## What the exercise asks
Pictures stay out of the copy. Retype exactly the lines below from the one with "2009 Pontiac Vibe" through the one with "Vintage Liz Claiborne".

━━━ Given records

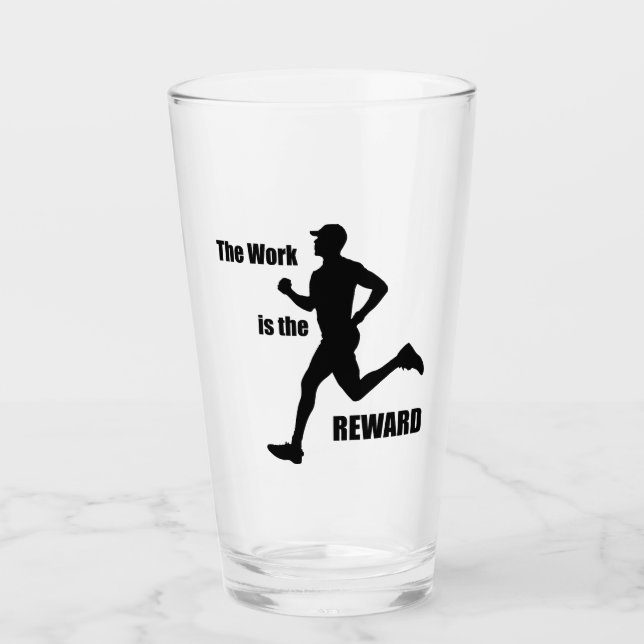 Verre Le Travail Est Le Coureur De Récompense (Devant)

━━━━━━
━━━ Given records

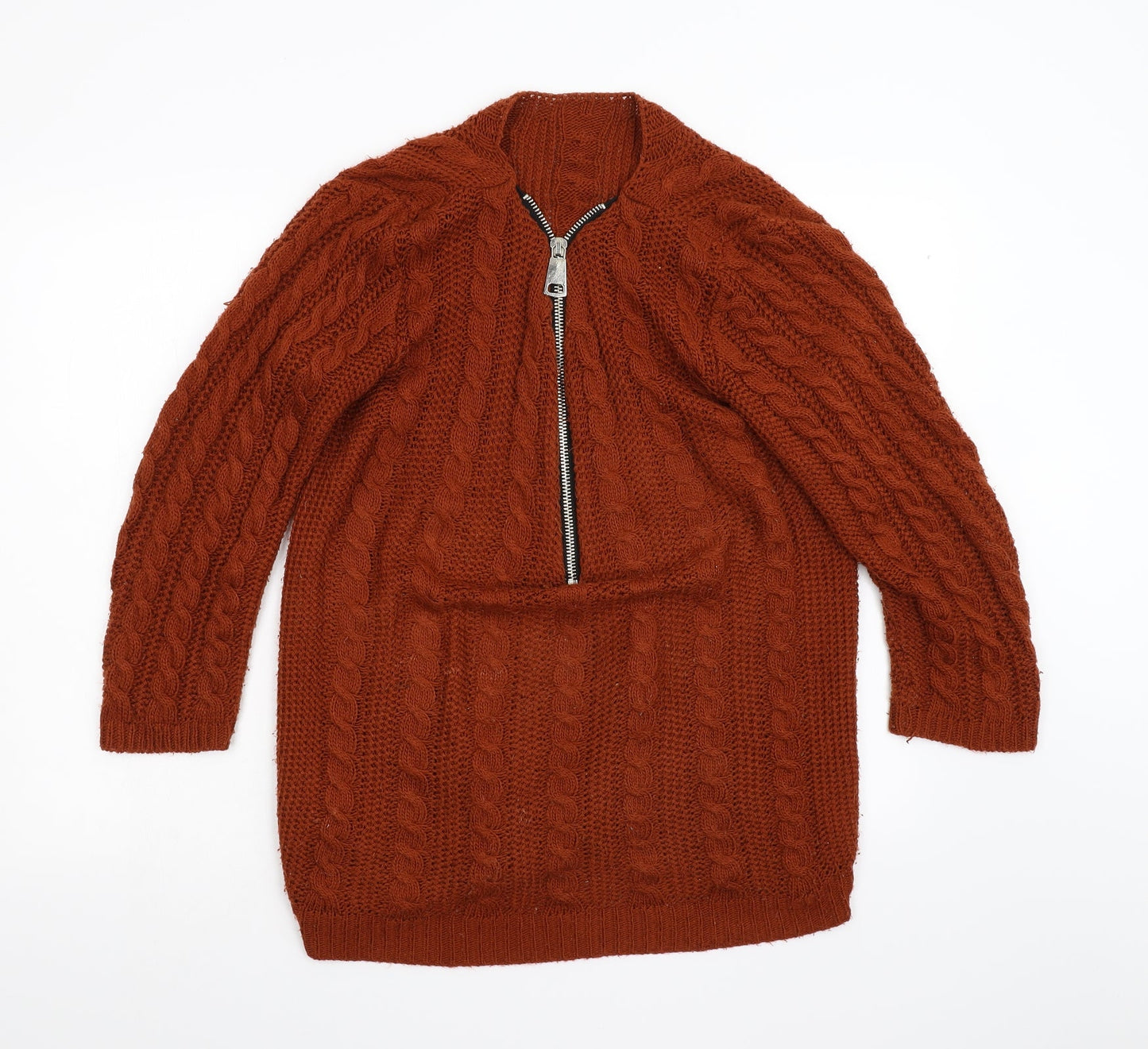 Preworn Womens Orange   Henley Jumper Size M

━━━━━━
━━━ Given records

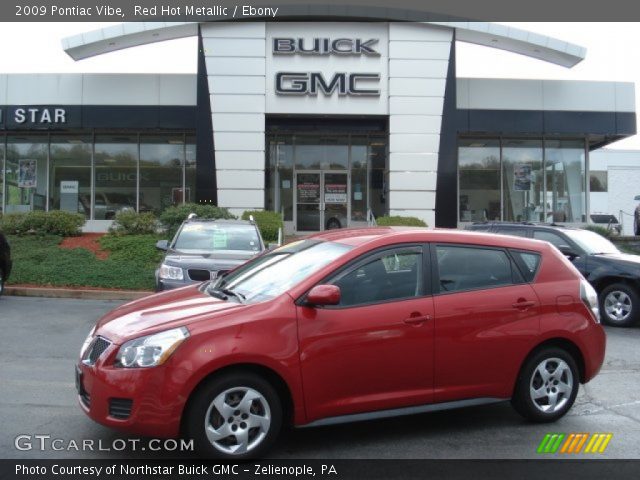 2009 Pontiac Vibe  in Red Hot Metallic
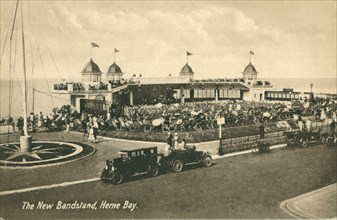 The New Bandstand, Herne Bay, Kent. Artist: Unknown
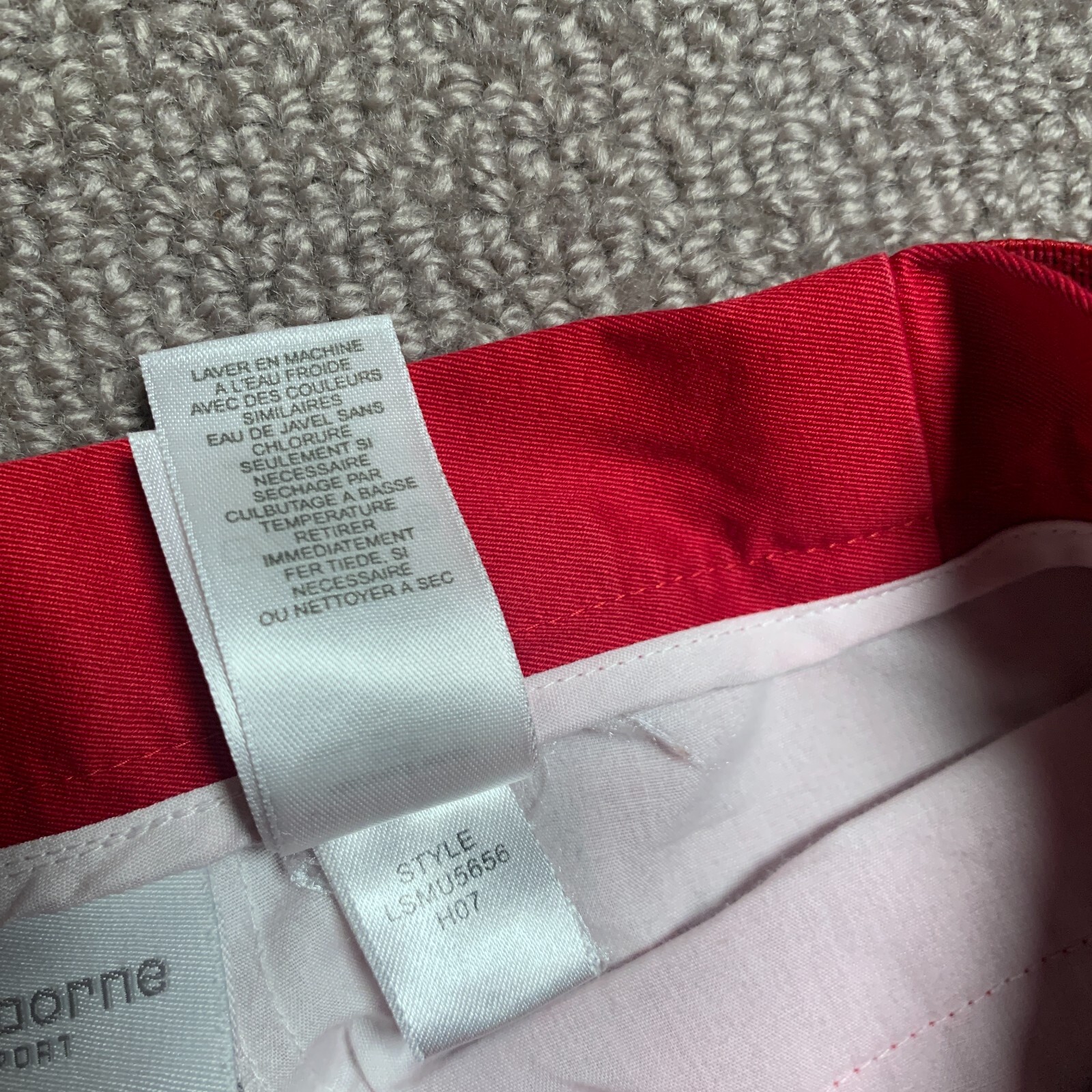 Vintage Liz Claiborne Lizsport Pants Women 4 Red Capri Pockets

━━━━━━

## Exercise result
 2009 Pontiac Vibe  in Red Hot Metallic
 The New Bandstand, Herne Bay, Kent. Artist: Unknown
 Vintage Liz Claiborne Lizsport Pants Women 4 Red Capri Pockets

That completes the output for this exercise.